**Task data:**
____________
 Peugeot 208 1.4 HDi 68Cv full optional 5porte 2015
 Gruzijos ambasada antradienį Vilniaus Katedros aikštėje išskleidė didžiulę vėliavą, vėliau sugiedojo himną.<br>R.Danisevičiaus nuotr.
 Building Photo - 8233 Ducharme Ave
____________
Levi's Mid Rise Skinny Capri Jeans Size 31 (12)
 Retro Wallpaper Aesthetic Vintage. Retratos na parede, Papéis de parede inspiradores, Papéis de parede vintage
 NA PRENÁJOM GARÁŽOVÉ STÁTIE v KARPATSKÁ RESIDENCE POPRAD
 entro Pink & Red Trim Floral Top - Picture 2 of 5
____________
**Problem requirements:**
Of all the entries above, repeat only the lines from the line that has "Levi's Mid Rise" to the line that has "entro Pink &", both lines included, exactly.

**Response to this task:**
Levi's Mid Rise Skinny Capri Jeans Size 31 (12)
 Retro Wallpaper Aesthetic Vintage. Retratos na parede, Papéis de parede inspiradores, Papéis de parede vintage
 NA PRENÁJOM GARÁŽOVÉ STÁTIE v KARPATSKÁ RESIDENCE POPRAD
 entro Pink & Red Trim Floral Top - Picture 2 of 5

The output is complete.